Entering recovery reveals how deep our obsessions and compulsions run, how tightly woven they are into everything we do.

Aiming at perfection

Some put their trust in chariots and some in horses,
but we will call upon the Name of the LORD our God.
They collapse and fall down,
but we will arise and stand upright. (Ps. 20:7-8)

Day after day we are given the opportunity to arise and stand upright — over and over again.

In my case, I get to practice watching my spending all the time.

I travel on business, which allows me to live like the jet set (all within the company’s expense policy, but still). I get to enjoy travel, eat out regularly, and earn hotel points and airline miles. I enjoy the perks of traveling very much.

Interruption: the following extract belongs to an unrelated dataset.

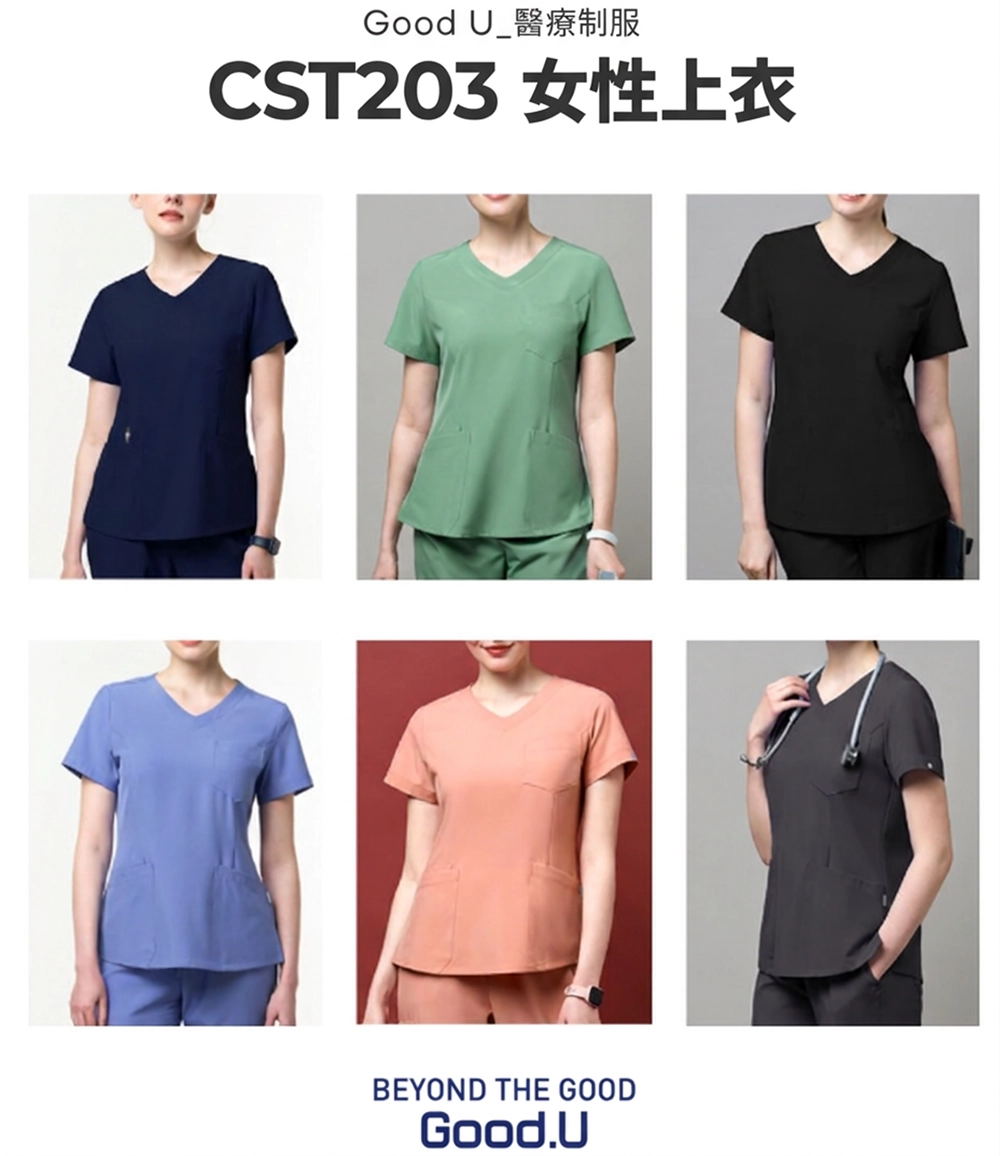 Good.U CST203 六色護理師制服顏色選擇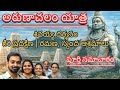 అరుణాచలం యాత్ర పూర్తి సమాచారం🙏|Hyderabad నుండి Tiruvannamalai యాత్ర🕉️|Arunachalam complete details🙏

Truth is, though, that because I’m in a different city nearly every day, I’d get along just fine with one suit. No one will really know if I wear the same shirt two days in a row, or the same tie. I tend to wear the same two pairs of shoes with my suit, so perhaps I don’t really need another pair.

This thinking runs entirely counter to my “clothes-horse” sensibilities, to my desire to have whatever I want.

Learning to recognize the spiraling thinking that leads me to buy something I don’t really need, that doesn’t make me any happier, is hard work. Every day it crops up.

But that same spiraling thinking causes me distress in all other areas of life, too, so the work of paying attention pays back dividends beyond just my checking account balance.

Step Six invites us not just into recovery from alcoholism but into a whole new way of living, upright and awake.

Seen in this light, Step Six is still difficult, but not at all impossible. The only urgent thing is that we make a beginning, and keep trying.

If we would gain any real advantage in the use of this Step on problems other than alcohol, we shall need to make a brand new venture into open-mindedness. We shall need to raise our eyes toward perfection, and be ready to walk in that direction. It will seldom matter how haltingly we walk. The only question will be “Are we ready?” (68)

A Collect for Guidance

Heavenly Father, in you we live and move and have our being: We humbly pray you so to guide and govern us by your Holy Spirit, that in all the cares and occupations of our life we may not forget you, but may remember that we are ever walking in your sight; through Jesus Christ our Lord. Amen.